ACADEMIC MALPRACTICE POLICY

1. AIM

• identify and minimise the risk of malpractice by staff and learners;

• respond to any incident of alleged malpractice promptly and objectively;

• standardise and record any investigation of malpractice to ensure openness and fairness;

• impose appropriate penalties and/or sanctions on learners or staff where incidents (or attempted incidents) of malpractice are proven.

2. TO IMPLEMENT, ATHENA GLOBAL EDUCATION (AGE) WILL

• seek to avoid potential malpractice by informing learners of the College’s policy for malpractice and the penalties for attempted and actual incidents of malpractice;

• show learners the appropriate formats to record cited texts, other materials and information sources;

• ask learners to declare that their work is their own, and to provide evidence that they have interpreted and synthesized appropriate information and acknowledged any sources used;

• conduct an investigation in a form commensurate with the nature of the malpractice allegation.

3. THE PROCESS

The College will acquire the original source material where possible and indicate what sections of the material have been taken by the student, cross referring to the material’s location in the student’s work.

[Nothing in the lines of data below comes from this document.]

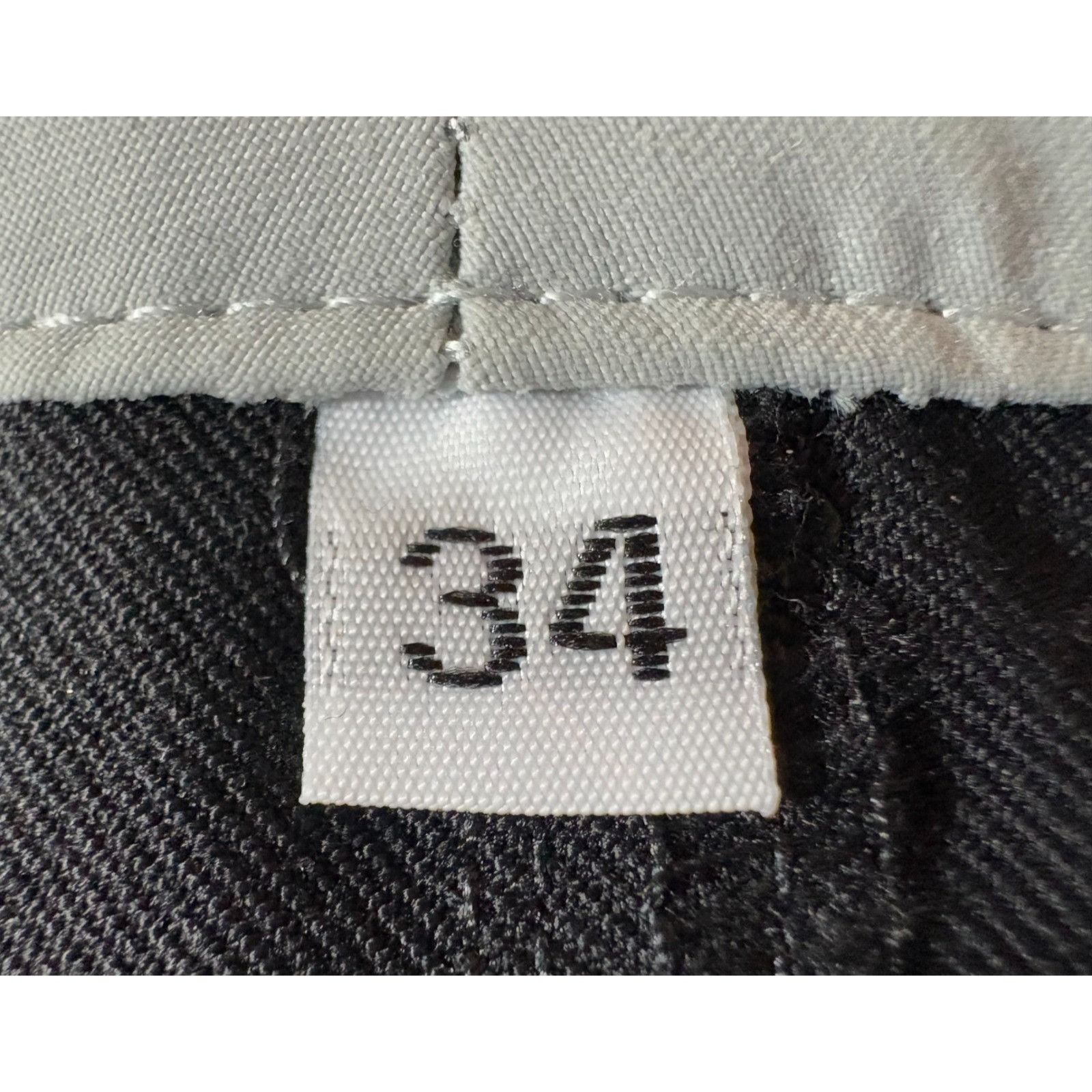 Outlier Outlier NYC Bombtwill flared pants size 34 color black NEW M Size US 34 / EU 50 - 2 Thumbnail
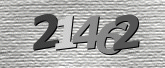 Captcha resmi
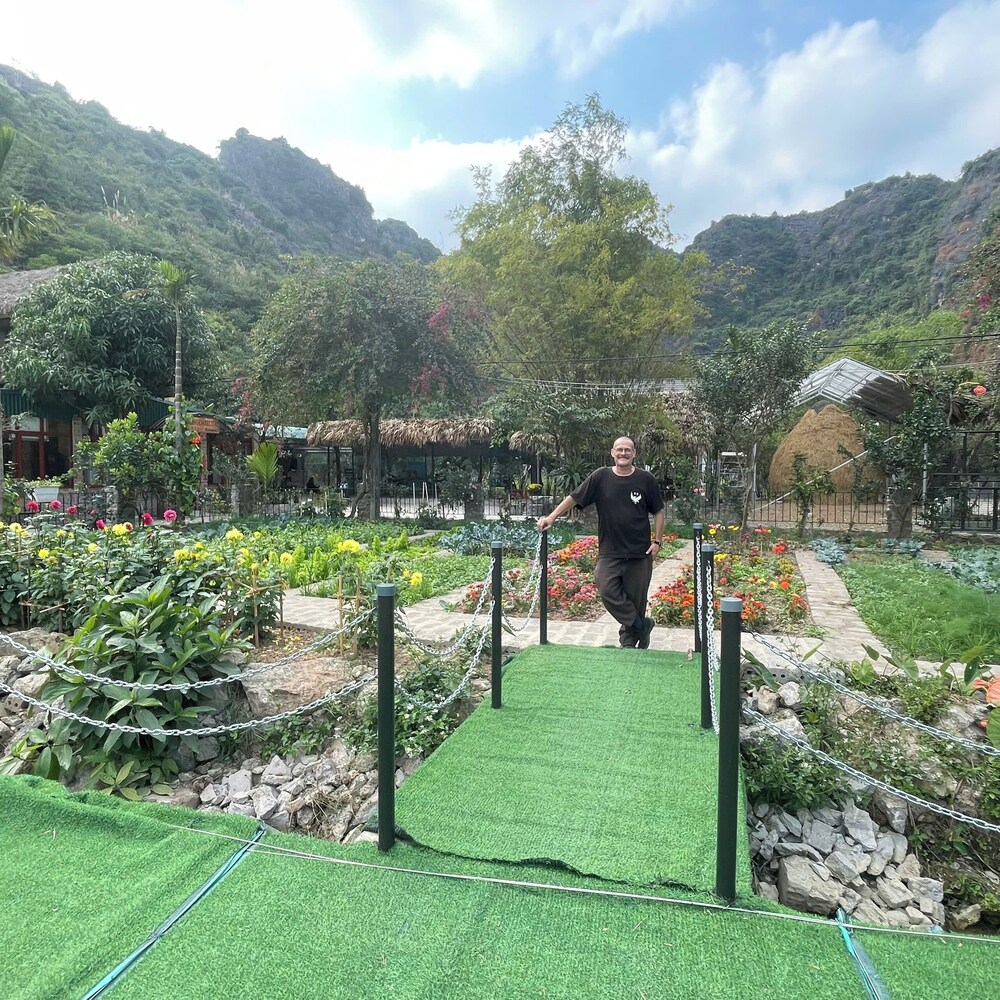 Ninh Hoa Retreat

The academic will be asked to produce a brief statement, explaining why they consider there to be malpractice in the student’s work. They will continue to mark the work where possible as if the work does not contain academic malpractice. The mark should be withheld from the student pending any disciplinary action.

4. IF THE COLLEGE DEEMS ACTION TO BE REQUIRED, IT WILL

• make the learner/staff member fully aware at the earliest opportunity of the nature of the alleged malpractice and the possible consequences if malpractice be proven;

• give the individual the opportunity to respond to the allegations made;

• inform the individual of the right of appeal against any judgment made;

• document all stages of any investigation.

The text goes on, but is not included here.